Yan mahallenizde oturuyor diye düşünün. Ama sizin evinize doğru sürekli taş atıyor. Komşuları falan da var. Kendisinin eti-budu olmadığı için onlara güvenip size dayılanıyor. “Bizim mahalle tarafına giremez. Buralarda yeri yok” deyip duruyor. Aklı sıra aşağılıyor, küçümsüyor.
Avusturya’dan bahsediyorum. Avrupa Birliği içinde, ortak olmanın güveniyle hareket ediyor. Hemen her tartışmada üstüne vazifeymiş gibi öne çıkıp ilk taşı atanlardan oluyor.
Sonra, fark ediyor ki, dayılanmak tamam da, korunması da lazım. Bunun için de bizim de içinde bulunduğunuz NATO’nun kendisini korumasını hayal ediyor. Ama kendisi NATO’ya üye değil. Biz kanımızla, canımızla, şehidimizle, darbelerimizle, hala içimizden sökmeye çalıştığımız gladio ile NATO üyesi iken o oluşturulan yan organizasyonlarla entegre olmaya çalışıyor. Biz onu engelleyince de bağırınıyor: “Gelecekteki misyonlarımız tehlikeye girer.” Sanki dünyayı kurtardı.
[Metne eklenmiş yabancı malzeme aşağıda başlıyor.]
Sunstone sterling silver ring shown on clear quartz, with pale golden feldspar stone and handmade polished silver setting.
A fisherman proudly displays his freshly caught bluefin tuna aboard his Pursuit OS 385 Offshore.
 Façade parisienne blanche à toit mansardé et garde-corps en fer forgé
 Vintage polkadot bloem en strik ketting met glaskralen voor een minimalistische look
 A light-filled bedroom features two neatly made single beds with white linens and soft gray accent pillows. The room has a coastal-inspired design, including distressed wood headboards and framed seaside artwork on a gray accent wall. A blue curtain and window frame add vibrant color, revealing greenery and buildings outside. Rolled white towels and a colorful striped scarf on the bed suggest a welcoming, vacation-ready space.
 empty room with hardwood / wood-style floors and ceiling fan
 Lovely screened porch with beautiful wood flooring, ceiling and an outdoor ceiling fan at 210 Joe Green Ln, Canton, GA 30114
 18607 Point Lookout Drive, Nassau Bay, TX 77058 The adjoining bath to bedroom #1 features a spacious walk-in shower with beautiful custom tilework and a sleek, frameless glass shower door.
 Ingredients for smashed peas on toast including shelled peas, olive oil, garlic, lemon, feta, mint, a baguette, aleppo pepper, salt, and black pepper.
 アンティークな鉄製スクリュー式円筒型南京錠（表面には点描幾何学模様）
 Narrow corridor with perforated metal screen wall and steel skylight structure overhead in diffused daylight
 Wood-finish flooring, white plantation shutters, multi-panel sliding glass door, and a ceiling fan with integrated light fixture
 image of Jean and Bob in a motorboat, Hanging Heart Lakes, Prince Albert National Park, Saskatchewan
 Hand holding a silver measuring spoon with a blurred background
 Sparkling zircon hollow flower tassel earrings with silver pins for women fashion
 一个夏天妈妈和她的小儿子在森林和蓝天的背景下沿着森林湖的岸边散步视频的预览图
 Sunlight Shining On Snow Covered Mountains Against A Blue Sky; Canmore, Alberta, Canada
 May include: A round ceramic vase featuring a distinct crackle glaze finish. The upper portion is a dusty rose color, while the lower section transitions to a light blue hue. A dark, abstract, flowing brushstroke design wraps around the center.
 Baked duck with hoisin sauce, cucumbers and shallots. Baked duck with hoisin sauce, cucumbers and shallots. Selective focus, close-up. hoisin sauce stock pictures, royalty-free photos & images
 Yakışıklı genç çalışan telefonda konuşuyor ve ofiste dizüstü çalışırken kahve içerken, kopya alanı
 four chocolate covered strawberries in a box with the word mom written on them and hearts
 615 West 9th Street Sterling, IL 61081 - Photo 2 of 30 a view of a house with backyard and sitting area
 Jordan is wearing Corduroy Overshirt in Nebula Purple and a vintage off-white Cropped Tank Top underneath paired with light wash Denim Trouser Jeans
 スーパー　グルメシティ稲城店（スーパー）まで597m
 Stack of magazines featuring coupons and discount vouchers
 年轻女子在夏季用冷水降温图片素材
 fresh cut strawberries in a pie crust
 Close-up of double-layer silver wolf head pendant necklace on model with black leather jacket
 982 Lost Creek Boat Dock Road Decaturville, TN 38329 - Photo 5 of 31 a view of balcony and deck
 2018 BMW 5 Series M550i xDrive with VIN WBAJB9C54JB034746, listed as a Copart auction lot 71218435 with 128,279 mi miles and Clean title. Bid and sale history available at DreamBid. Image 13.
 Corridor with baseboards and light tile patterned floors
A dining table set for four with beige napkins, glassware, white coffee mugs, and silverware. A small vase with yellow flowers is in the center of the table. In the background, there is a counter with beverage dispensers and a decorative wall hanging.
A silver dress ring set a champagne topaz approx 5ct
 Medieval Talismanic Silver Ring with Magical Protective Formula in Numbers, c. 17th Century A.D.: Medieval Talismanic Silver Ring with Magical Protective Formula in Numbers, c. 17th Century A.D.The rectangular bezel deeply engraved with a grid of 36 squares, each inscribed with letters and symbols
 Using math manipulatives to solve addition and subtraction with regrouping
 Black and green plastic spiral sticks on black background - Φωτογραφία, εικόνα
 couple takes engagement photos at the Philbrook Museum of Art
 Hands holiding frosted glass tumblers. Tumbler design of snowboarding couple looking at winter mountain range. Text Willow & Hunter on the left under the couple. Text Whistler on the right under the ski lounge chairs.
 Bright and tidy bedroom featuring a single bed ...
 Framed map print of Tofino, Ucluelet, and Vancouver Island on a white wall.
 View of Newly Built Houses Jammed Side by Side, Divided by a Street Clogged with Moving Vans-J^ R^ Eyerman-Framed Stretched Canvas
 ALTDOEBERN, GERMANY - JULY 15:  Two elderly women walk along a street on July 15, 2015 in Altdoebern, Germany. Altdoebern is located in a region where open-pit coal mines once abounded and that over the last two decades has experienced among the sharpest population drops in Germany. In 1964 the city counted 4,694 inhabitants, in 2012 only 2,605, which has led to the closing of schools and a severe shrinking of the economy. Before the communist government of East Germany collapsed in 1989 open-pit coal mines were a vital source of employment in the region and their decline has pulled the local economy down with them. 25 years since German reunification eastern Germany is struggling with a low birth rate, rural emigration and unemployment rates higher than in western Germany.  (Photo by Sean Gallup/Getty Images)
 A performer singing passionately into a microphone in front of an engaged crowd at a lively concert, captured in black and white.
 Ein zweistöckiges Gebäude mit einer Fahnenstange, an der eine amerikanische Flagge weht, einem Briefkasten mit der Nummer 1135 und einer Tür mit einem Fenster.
Yahu insaf. Yahu ayıp. Yahu utanın. “Benin çocuğum senin için niye ölsün arkadaş?”
Olay şu: Batılılar şimdi Türkiye’nin NATO’da ortak eğitim programlarını bloke ettiği açıklamaları yapıyor. Onlara göre sebebi Avusturya. Haberlerde çok derine girilmiyor. Anlaşılan bu “Ortak Eğitim Programı” NATO üyesi olmasa da bazı ülkelerin sanki NATO’daymışçasına yan masada oturdukları bir sistem. Bayağıdır da var. Yani Avrupa Birliği’nin bize önerdiği, “Üye değilsin ama, gümrük birliğindesin” durumunun bir benzeri.